Clearly, this has bothered me for some time. I often wonder if something could be done to the sensors so they pick up on the correct feedback. Could the motion sensors be angled to only catch the movement of feet? Or maybe users would have to wave their hands in front of the sensor for it to flush? I’ve even considered using the Clapper option. But then a devious person might wander through bathrooms clapping their hands, much to the dismay of an innocent visitor.

For me, this internal debate always ended with the question: why do we even need automatic toilets? Why can’t people just flush the toilet themselves? Is it really that tricky? Hopefully we all flush our toilets at home, so why can’t we continue our good flushing habits in public?
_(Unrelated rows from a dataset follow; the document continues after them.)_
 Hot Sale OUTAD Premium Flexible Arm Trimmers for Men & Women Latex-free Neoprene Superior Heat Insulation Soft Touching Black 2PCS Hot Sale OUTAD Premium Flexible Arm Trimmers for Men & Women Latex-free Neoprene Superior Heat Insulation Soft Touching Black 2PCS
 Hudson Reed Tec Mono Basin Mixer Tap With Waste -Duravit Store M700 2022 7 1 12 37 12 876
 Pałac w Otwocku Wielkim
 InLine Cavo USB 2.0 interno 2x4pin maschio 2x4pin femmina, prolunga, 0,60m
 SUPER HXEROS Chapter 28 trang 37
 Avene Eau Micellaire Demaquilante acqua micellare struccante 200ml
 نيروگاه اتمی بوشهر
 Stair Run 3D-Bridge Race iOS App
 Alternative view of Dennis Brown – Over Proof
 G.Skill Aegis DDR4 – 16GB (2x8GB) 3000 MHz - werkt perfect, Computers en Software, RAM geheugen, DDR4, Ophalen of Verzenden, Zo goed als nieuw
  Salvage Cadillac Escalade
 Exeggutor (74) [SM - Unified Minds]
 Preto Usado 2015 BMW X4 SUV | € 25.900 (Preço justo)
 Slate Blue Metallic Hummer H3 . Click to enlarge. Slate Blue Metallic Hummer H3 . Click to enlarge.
It’s possible that people are so excited to be done urinating that without an automatic toilet they completely forget to flush and rush back to whatever they were doing pre-pee. Unless you are missing a once in a lifetime chance to meet Beyoncé, then it’s pretty damn unlikely that you would forget to flush. You remembered to relieve yourself, so you should remember to complete the task.

Perhaps it’s because of the germs in a public restroom. If you think too hard about it, public toilets are a gross concept. I’m conscious of germs in public bathrooms: I try to push the bathroom door open with my elbow after washing my hands and tap the flusher down with my foot to flush the toilet. I’m 5 foot 9 and have pretty good balance, but, balancing on one foot while reaching the other up and over the toilet to kick the flusher probably isn’t an easy task for a lot of people. Add a skirt and/or heels to the mix and the task just became a lot more complicated.

We already have a solution to this problem. Everyone knows that after using and flushing the toilet you should lather up with soap and thoroughly wash their hands. Again, we know that not everyone does and while that is really, really disgusting, most people do.

So if people aren’t forgetting to flush and should be scrubbing all public bathroom germs away, why do folks feel the need to install automatic toilets? The only logical answer I have left is that we believe that people do not display respect for shared spaces.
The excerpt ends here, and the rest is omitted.